The property backed up to an open field with a wooded
stretch behind. Sarah knew there were predators; hawks, owls, coyotes. Her cat
was smart and wary. She was okay. Sarah didn’t understand the hard-lump low in
her chest. Not fear or guilt just feeling a little bit anxious is all.
Sarah found Zoey trapped under a cardboard box in a vacant
lot when she was a ginger fluff of a kitten. Sarah hadn’t wanted a pet or the
responsibility that went with caring for another creature. That was two years
ago.
“Zoey, where are you?”
She left the sliding door cracked wide enough to let the cat
back in just in case. No telling what else would wander in while she got ready
for the day. A shower and a strong cup of coffee would only take a few minutes
and leave enough time for a quick look around the outside of the house before
she needed to leave. She didn’t really have an appointment or a job but she
went every day to the local café to write. It fed her creative juices to sit where
life was happening, if only at a slightly faster pace than her living room.
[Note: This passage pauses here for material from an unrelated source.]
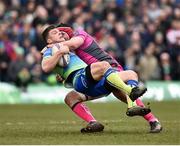 31 March 2018; Tom Farrell of Connacht is tackled by Ben Morgan of Gloucester during the European Rugby Challenge Cup Quarter-Final match between Connacht and Gloucester at the Sportsground in Galway. Photo by Seb Daly/Sportsfile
The blow dryer nearly drowned out the noise but Sarah gave a
sigh of relief. She walked in to the living room to close the sliding door but
Zoey beat her to it and slipped back outside.
“Zoey, what are you doing? Get back in here. I have to go.”
She followed the cat back outside, around the side of the
house and watched her cross the street.
“Get back here you crazy cat.”
Sarah could tell when
she was being ignored.
“I don’t know what you think you are doing.”
This was spoken to a tail as it disappeared around the back
of her neighbor’s house.
“Don’t make me come after you.” Sarah humphed.
She hadn’t met her new neighbors yet. A truck had pulled up
a month ago and several men had unloaded it. The family, or couple or
individual had yet to be seen.
In the moments of indecision before Sarah could cross the
street to pursue her cat, Zoey reappeared.
“What the hell do you think you are doing?”
A kitten hung from Zoey’s mouth.
“Put that back right now.” Sarah commanded with one hand on
her hip the other pointing at the house across the street.
“You and I both know that can’t possibly be yours.”
Zoey didn’t even glance in Sarah’s direction. She was a cat
on a mission. Sarah followed her back around the house, watched her slip
through the door and then reappear sans kitten.
“Oh, no, no, no.” Sarah stepped back through the door,
peered over the back of her couch and three little faces turned in unison to
look at her.
“Oh, for the love of Mike.”
“No, the name is John actually.”
Sarah squeaked as she turned to face the man standing at her
back door.
“I’m your new neighbor.” He put his hand through the opened
doorway and Sarah stared at it and him in confusion. He was tall, dark and
handsome, in fact he was a cliché.
Sarah caught her breath and a voice she had never heard come
out of her mouth before said, “Hi, I’m Sarah.”
“I think your cat is stealing my kittens.”
As if in response Zoey sauntered between his legs and into
the house carrying another kitten.
“Their mother died a few days ago.”
“I’m sorry.” Sarah watched Zoey deposit the latest kitten
beside its siblings.
“They are just old enough to take milk from a bowl.”
“That’s good.”
Zoey wound her way past Sarah and headed back out the door.
Sarah opened her mouth to try to stop her cat.
“Don’t worry,” John interrupted, “there’s only one more.”
He smiled and she felt her knees go weak.